Implementasi tak sebatas piloting
Teknologi cepat sekali berkembang. Baru muncul satu, kemudian muncul lagi teknologi baru. Padahal butuh waktu untuk benar-benar paham implementasinya.
Prasetya Dwicahya, Head of Data Science Indonesia, melalui contohnya menyebutkan ada banyak perusahaan yang ingin mengimplementasi big data, tetapi tidak tahu datanya.
Ia juga melihat sejumlah perusahaan belum sepenuhnya memanfaatkan teknologi dan malah justru menggunakannya untuk sekadar proyek percobaan (piloting).
“Ini juga menjadi masalah karena teknologi hanya dimanfaatkan untuk piloting dan tidak diterapkan sampai benar-benar pemanfaatannya,” tutur pria yang karib disapa Pras ini.
Decision board perlu paham teknologi
Ketidaktahuan perusahaan terhadap teknologi baru dianggap menjadi peluang bagi vendor menawarkan produknya. Hal ini justru dianggap dapat menimbulkan misinformasi.

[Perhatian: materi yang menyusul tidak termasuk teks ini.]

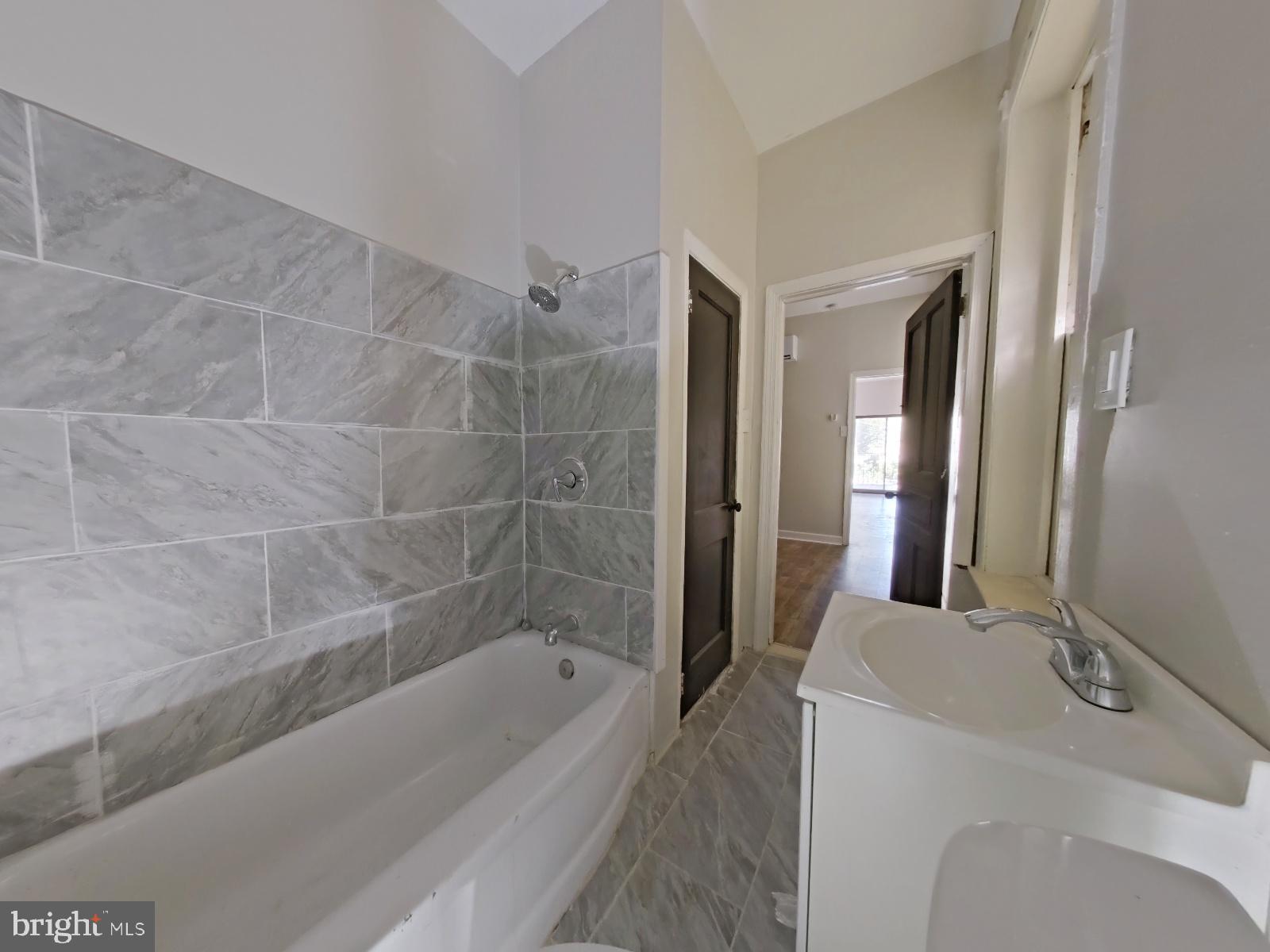 GERMANTOWN - Residential Income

Mengapa?
”Misinformasi [teknologi] justru datang dari vendor, mereka menawarkan ke klien padahal belum tentu butuh,” tutur Endiyan Rakhmanda, Co-founder & Chief of Product IYKRA.

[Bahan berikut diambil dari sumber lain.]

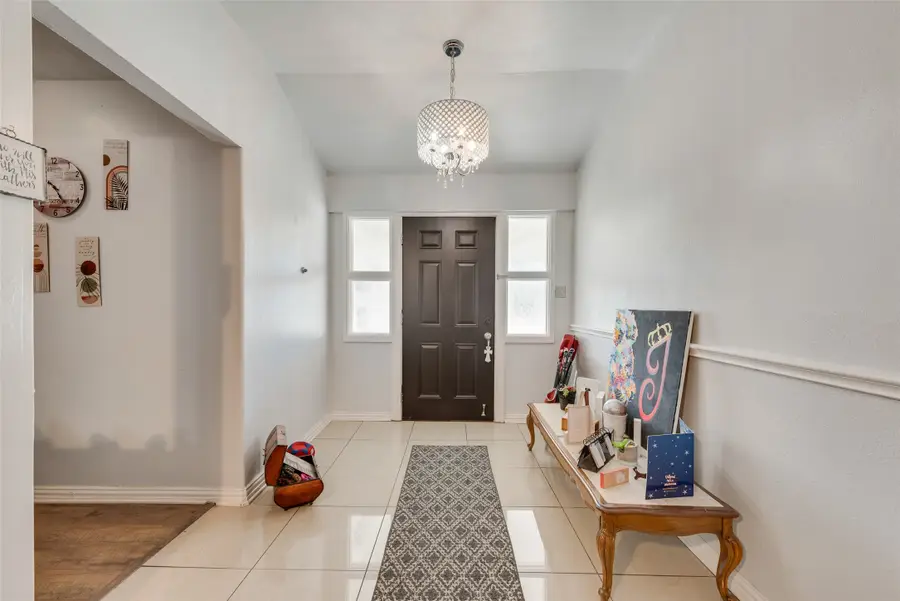 4732 Darla Drive, Fort Worth, TX 76132 - Image #3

Alhasil, perusahaan merasa perlu untuk mengimplementasi teknologi karena “ikut-ikutan”. Untuk itu, Pras menambahkan kembali tentang pentingnya keberadaan decision board yang setidaknya punya pengetahuan teknologi.
“Contoh kasus di atas kan membuat terjadinya asimetric information yang dimanfaatkan vendor untuk berjualan. Investasi jadi sekadar hambur-hambur uang,” tutur Pras.

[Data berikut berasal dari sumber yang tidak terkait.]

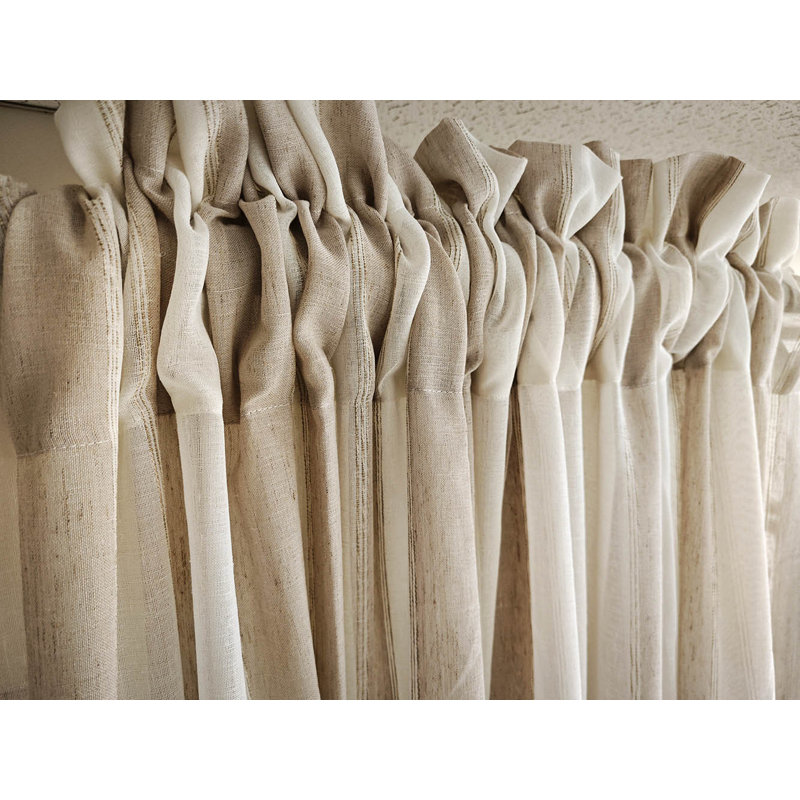 Rideau transparent en polyester Anokh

Pahami kebutuhan perusahaan
Sementara Djap Tet Fa, CEO Astra Digital yang juga mengisi sesi ini menanggapi sisi lain dari perkembangan teknologi di Indonesia. Ia menilai perusahaan di Indonesia memanfaatkan teknologi bukan karena kebutuhannya.
“Ada peer pressure seolah-olah kita harus keep up dengan teknologi. Jadi perusahaan merasa tidak mau ketinggalan. Padahal perlu lihat model bisnisnya, apakah customer-nya perlu, belum lagi ada biaya riset dan pengembangan. Bagaimanapun juga somebody has to pay, ini menjadi tidak efisien lagi,” jelasnya.
Menurutnya, digitalisasi memang menciptakan efisiensi. Akan tetapi kalau teknologinya tidak sesuai kebutuhan bisnis, hal ini justru tidak akan memberikan nilai lebih kepada perusahaan dan justru malah menghabiskan investasi secara percuma.
Edukasi
Terkait hal-hal di atas, Pras berujar perlunya edukasi terhadap perusahaan agar tidak asal dalam beradaptasi di perkembangan teknologi.
Contoh edukasi mudah yang bisa dilakukan adalah membuat analogi atau membuat case sesuai dengan isu relevan. Dengan begini, perusahaan mendapat gambaran tentang perlunya mengimplementasi teknologi yang sesuai dengan kebutuhan bisnisnya.